On January 1, 2021, despite lacking authorization, Ochoa allegedly withdrew all $95,000 from the C&R account using a self-addressed check. (Am. Compl. ¶ 11.) In response, C&R opened a claim with BANA (id, ¶ 12), which appears to have resulted in return of the $95,000 to C&R's account. (Id. ¶ 39 n.2.) Those funds, however, remain inaccessible to C&R due to a BANA-imposed hold on the account. (Id.)

On January 10, 2021, C&R opened a second, separate BANA account in which it deposited an additional $115,000. (Id. ¶ 13.) Without explanation, BANA allegedly froze this second account, precluding C&R from accessing the $115,000 by any means. (Id. ¶ 14.) C&R allegedly notified BANA that the freeze on this second account would cause financial hardship by preventing C&R from paying employees and fulfilling contracts, but BANA has allegedly continued to deny C&R access to the funds in this account. (Id. ¶¶ 18-19.)

C&R also alleges that on February 10, 2021, Ochoa "sent an invoice to C&R's client with C&R letter [sic] Advanced Architectural Metals, LLC, and falsely claimed that C&R was his company." (Id. ¶ 26.) Based on this misrepresentation, Ochoa allegedly collected a payment of $3,761 owed to C&R by Advanced Architectural Metals, LLC ("AAM"). (Id.) Additionally, C&R alleges that Ochoa's intervention with AAM caused C&R to lose "supplies and labor that C&R invested in the project, which exceeded the sum of $1,134." (Id. ¶ 27.)
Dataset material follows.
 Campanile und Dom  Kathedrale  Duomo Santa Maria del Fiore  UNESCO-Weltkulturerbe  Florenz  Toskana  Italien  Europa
C&R initially filed suit in the Circuit Court for Howard County, Maryland, naming only BANA as a defendant. (See Compl., ECF No. 4.) After BANA removed the Complaint to federal court based on diversity of citizenship (see Not. Removal ¶ 11, ECF No. 1), C&R amended its Complaint to include Ochoa as a defendant and bring additional claims. (See Am. Compl.) Along with its Answer, BANA brought a counterclaim and crossclaim against C&R and Ochoa, respectively, seeking to interplead the funds held in both of C&R's BANA accounts. (See Counterclaim, ECF No. 21 at 14; Crossclaim, ECF No. 21 at 18.)

II. Legal Standard

When considering a motion to dismiss pursuant to Federal Rule of Civil Procedure 12(b)(6), the Court must "accept as true all well-plead allegations and view the complaint in the light most favorable to the plaintiff." Venkatraman v. REI Sys., Inc., 417 F.3d 418, 420 (4th Cir. 2005). To survive, "a complaint must contain sufficient factual matter, accepted as true, to 'state a claim to relief that is plausible on its face.'" Ashcroft v. Iqbal, 556 U.S. 662, 678 (2009) (quoting BellAtl. Corp. v. Twombfy, 550 U.S. 544, 570 (2007)). "A claim has facial plausibility when the plaintiff pleads factual content that allows the court to draw the reasonable inference that the defendant is liable for the misconduct alleged." Id. at 662. "A pleading that offers 'labels and conclusions' or ... 'naked assertion[s]' devoid of'further factual enhancement'" will not suffice. Id. (alteration in original) (quoting Twombfy, 550 U.S. at 555, 557).

III. Analysis

C&R's Amended Complaint also ostensibly seeks a preliminary injunction requiring the immediate release and return of funds held by BANA. (See Am. Compl. fflf 84-88.) C&R has not, however, filed an independent motion seeking this preliminary injunction, nor do any of the pleadings establish that a preliminary injunction would be appropriate under the factors set forth in Winter v. Natural Resources Defense Council, Inc., 555 U.S. 7, 20 (2008) (citation omitted) ("A plaintiff seeking a preliminary injunction must establish that he is likely to succeed on the merits, that he is likely to suffer from irreparable harm in the absence of preliminary relief, that the balance of equities tips in his favor, and that an injunction is in the public interest.").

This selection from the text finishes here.